# What does 'deinterlace' mean and do?



## Carex (Mar 1, 2004)

I was watching a DVD on the new Tiger DVD Player last night. Under Video (I am not sure if this is accurate) on the menu there is a selection called Delinterlace which is checked. When I searched in help for the word "Deinterlace" it came back with nothing. When I did a Spotlight search it came back with nothing. 

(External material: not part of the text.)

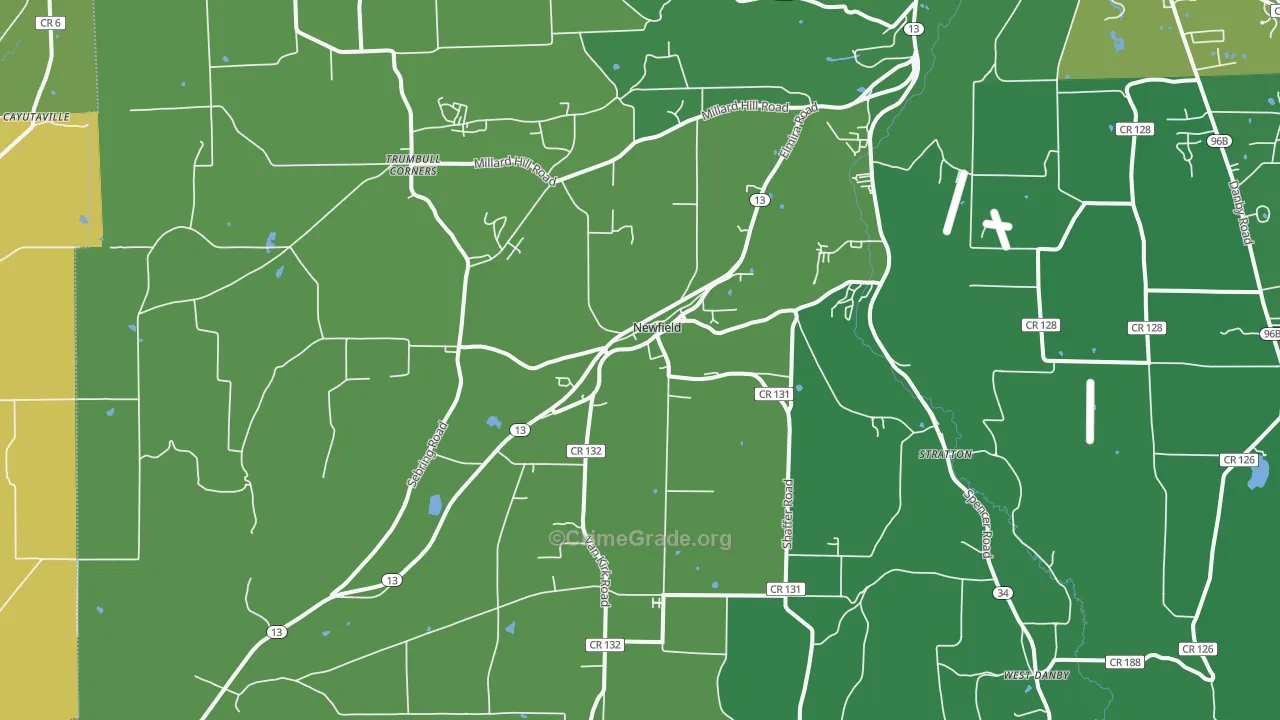 Newfield, NY Map of Drug-Related Crime Rates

I think it has something to do with frame rates or compression but would be curious to know from some experts.


----------



## MacDoc (Nov 3, 2001)

Progressive scanning term all you want to know and more http://www.100fps.com/ - comes into play in how video and TV play back is achieved

Bottom line - deinterlaced will generally mean a smoother more film like picture but it's NOT a small topic as you will see if you read the above.

-


----------



## Carex (Mar 1, 2004)

Thank you Macdoc. Just odd (or perhaps not) that it was not in DVD Player Help when it is actually a menu item.


----------



## monokitty (Jan 26, 2002)

Carex said:


> Thank you Macdoc. Just odd (or perhaps not) that it was not in DVD Player Help when it is actually a menu item.


They assume we're all geekish enough to know this stuff.


----------



## MacDoc (Nov 3, 2001)

It's part of the move to integration and "The Year of HD".

If you are dabbling in home video or looking to get into HD for a home theatre being familiar with basic terms is a good idea as the integration is getting pretty significant.

These guys are very good - they have informative Learning Centres for various categories.

http://www.crutchfieldadvisor.com/S-V8ZSKBLXd5m/


----------